* [EXERCISE DETAILS]
Pictures are to be left out. Return exactly the lines below from the one with "ESC10812 image(0) - ESCO" up to and including the one with "16MB Health Tracking".

*** DATA TO PROCESS ***

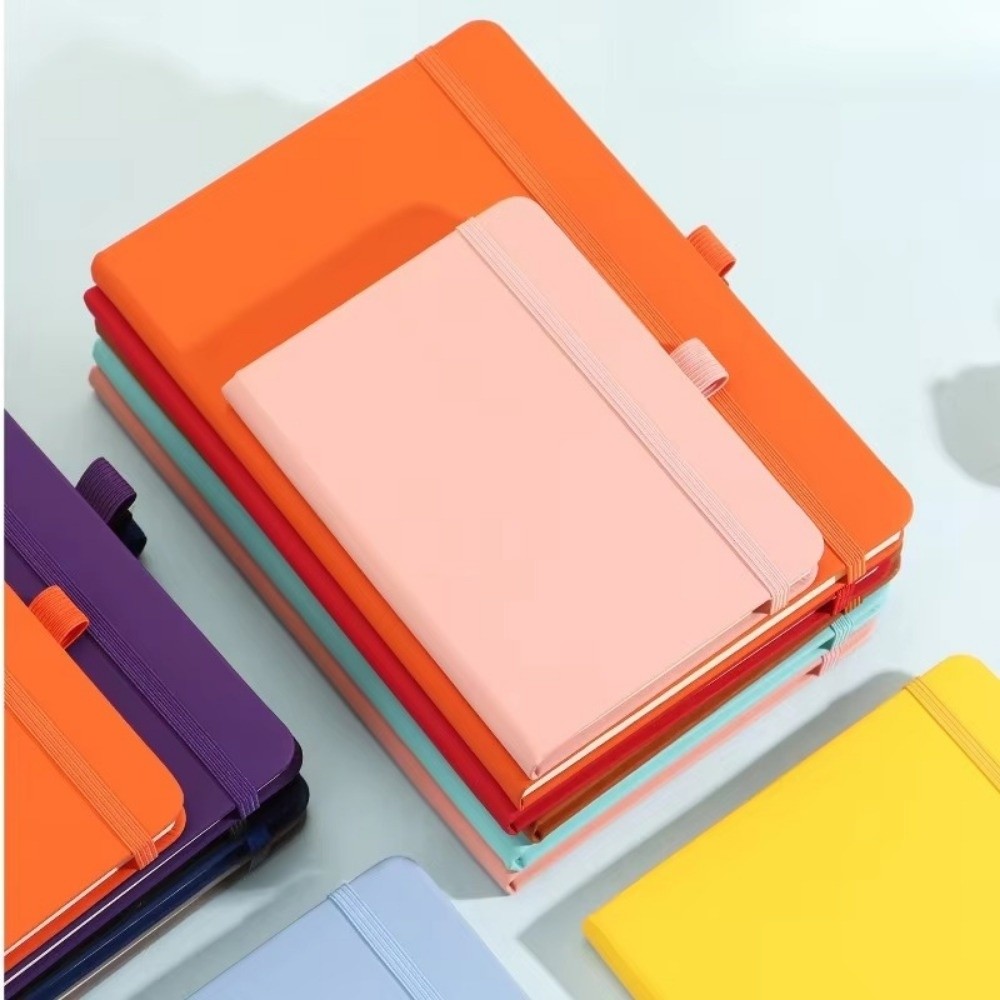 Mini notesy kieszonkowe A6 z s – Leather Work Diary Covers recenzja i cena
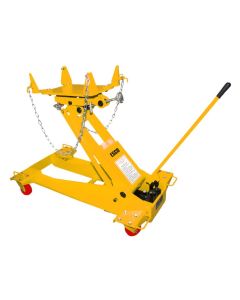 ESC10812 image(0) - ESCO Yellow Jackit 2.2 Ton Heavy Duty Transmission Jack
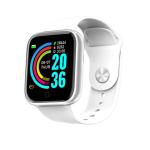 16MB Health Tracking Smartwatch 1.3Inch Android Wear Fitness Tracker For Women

*** End of DATA TO PROCESS ***
*** DATA TO PROCESS ***

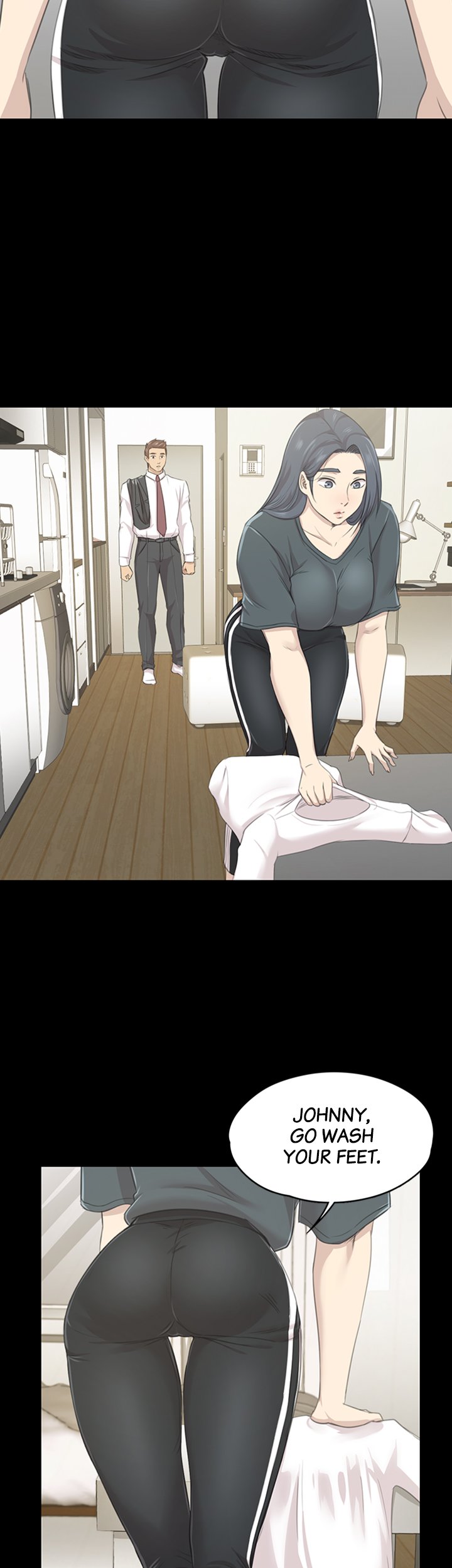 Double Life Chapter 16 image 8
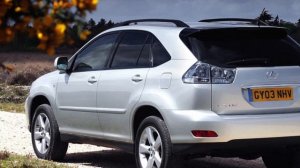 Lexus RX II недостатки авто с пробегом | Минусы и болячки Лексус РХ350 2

*** End of DATA TO PROCESS ***

* [YOUR RESPONSE]
 ESC10812 image(0) - ESCO Yellow Jackit 2.2 Ton Heavy Duty Transmission Jack
 16MB Health Tracking Smartwatch 1.3Inch Android Wear Fitness Tracker For Women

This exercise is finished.